「レイン……」

 小さく呟かれる愛しき名。

 レインもまた同じくアンの名前を唇で辿る。

 そうしてスゥと静かに深呼吸したレインは、或る一つの決意をしたようだった。

 刹那その眼に力が(よみがえ)った。

「アン……愛しいアン。どうか思い出して、僕との日々を」

 ──レイン?

 アンにはレインの真意が分からなかった。

「アン……愛しいアン。どうか思い出して、僕が伝えた大切な言葉を」

「うるせぇ、レイン! こいつをひんむくまで黙ってろ!!」

 ──大切な……言葉?

 苦しみに耐えながら哀しい笑みを浮かべるレインの(おもて)、その力強い瞳の中心をアンの双眸ははっきりと()た。

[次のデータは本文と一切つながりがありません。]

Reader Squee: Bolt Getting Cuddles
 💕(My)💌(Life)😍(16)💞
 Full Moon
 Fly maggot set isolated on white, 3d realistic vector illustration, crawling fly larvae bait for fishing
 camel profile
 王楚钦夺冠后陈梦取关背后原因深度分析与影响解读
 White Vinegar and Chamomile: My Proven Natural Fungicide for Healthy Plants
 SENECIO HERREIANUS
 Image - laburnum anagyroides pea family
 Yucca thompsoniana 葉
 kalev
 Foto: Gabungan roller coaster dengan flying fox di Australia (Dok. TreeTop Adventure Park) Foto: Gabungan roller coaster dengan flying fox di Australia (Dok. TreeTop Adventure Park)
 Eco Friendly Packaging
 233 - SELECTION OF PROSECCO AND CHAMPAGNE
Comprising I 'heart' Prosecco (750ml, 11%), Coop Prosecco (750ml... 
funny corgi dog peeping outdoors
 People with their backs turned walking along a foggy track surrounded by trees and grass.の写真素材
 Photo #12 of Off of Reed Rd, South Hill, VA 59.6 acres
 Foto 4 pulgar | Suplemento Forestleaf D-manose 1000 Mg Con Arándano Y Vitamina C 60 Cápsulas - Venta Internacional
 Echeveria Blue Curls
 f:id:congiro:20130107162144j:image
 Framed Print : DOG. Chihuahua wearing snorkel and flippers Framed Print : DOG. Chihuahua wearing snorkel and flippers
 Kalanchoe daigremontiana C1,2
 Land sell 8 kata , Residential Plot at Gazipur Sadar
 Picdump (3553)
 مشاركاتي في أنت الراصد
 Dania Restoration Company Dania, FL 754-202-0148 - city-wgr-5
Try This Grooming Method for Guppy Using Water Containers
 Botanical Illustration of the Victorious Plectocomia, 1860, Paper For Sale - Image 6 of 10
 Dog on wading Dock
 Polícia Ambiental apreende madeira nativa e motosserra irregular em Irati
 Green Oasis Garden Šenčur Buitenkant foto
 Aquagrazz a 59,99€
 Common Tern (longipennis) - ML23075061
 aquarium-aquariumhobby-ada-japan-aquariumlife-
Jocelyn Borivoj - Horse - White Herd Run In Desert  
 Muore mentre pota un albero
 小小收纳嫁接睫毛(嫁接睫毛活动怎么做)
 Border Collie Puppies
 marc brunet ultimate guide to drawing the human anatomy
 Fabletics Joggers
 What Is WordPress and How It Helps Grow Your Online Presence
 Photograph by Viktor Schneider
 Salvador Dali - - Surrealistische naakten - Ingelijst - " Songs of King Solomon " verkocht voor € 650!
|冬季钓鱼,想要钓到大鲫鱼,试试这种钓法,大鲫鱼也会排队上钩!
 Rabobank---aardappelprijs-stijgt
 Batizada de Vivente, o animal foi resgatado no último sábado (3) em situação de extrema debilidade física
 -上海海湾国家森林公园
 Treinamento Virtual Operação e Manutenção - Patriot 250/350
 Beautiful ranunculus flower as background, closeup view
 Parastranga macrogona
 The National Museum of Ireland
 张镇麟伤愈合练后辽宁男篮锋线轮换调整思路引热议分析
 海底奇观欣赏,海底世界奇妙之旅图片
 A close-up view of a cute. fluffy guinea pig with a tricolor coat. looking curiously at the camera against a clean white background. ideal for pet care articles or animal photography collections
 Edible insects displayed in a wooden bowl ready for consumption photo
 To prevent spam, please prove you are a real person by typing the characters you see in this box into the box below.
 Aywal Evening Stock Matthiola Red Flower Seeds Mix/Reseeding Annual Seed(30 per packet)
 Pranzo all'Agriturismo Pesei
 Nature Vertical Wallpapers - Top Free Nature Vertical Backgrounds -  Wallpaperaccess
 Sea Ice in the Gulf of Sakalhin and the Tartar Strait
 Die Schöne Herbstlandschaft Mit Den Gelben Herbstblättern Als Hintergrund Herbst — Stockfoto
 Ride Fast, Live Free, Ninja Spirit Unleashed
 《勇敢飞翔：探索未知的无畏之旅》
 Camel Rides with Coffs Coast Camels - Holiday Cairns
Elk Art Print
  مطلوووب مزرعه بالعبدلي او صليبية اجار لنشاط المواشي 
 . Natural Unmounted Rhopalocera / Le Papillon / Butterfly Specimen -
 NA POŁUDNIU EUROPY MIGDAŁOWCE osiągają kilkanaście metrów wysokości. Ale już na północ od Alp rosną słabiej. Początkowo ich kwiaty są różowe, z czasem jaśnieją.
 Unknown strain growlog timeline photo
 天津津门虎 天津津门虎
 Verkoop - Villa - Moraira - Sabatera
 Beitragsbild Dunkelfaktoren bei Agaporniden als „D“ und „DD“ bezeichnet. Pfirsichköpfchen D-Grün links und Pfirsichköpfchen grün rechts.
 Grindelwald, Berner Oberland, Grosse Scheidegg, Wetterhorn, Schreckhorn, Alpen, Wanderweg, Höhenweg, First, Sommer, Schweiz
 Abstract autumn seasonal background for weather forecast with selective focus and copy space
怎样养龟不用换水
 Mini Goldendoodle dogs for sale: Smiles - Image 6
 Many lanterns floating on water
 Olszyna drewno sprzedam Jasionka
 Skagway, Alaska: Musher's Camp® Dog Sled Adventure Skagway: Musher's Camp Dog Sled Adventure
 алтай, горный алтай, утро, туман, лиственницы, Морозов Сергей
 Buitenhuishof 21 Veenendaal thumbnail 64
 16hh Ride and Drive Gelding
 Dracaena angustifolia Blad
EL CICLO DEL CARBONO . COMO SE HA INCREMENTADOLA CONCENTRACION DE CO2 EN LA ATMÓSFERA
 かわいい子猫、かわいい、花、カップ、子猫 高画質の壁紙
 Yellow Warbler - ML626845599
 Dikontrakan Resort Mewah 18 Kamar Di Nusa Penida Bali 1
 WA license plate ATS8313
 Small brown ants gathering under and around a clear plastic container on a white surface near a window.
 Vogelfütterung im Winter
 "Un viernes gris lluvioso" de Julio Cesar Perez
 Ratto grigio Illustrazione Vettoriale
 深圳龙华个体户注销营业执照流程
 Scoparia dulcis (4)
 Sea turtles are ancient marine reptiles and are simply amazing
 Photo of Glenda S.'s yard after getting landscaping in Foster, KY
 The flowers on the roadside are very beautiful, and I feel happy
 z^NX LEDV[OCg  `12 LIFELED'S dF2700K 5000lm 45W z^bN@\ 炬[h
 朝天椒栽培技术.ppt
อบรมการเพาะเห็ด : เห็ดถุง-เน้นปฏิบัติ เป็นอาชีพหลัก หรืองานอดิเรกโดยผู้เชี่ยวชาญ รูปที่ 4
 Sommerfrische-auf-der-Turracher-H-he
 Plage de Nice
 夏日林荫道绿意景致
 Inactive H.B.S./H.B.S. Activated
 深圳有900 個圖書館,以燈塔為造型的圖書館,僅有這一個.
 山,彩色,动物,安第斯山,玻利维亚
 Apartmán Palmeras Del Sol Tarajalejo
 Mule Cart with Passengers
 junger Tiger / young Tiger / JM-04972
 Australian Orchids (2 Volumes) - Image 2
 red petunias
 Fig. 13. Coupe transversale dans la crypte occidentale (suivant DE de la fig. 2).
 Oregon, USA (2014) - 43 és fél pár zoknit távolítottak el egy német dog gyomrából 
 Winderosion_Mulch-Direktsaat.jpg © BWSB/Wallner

 途端脳内をレインとの会話が駆け巡る。三歳から語られた全ての言葉が、文字を(かたど)り心の中で舞い踊る。

 しかし楽しそうに湧き上がるカケラたちの中、ひときわ重そうに底を(うごめ)く一節を見つけた。

 ああ、そうだ──思い出した。

 「どうか無事の帰国を、愛しいアン。万が一にも危険に(さら)された時には、「あの呪文」を(ささや)くんだよ。覚えているね?」

「やぁっとほどけた! ふん……思った通り美しい背だ。この表がどれだけ美しいか……これはお楽しみだな」

 クロスに編み込まれたコルセットの紐を全て引き抜き、ネビアは強引にその生地を端までめくった。

 アンの腰の上で大袈裟に舌なめずりをしてみせる。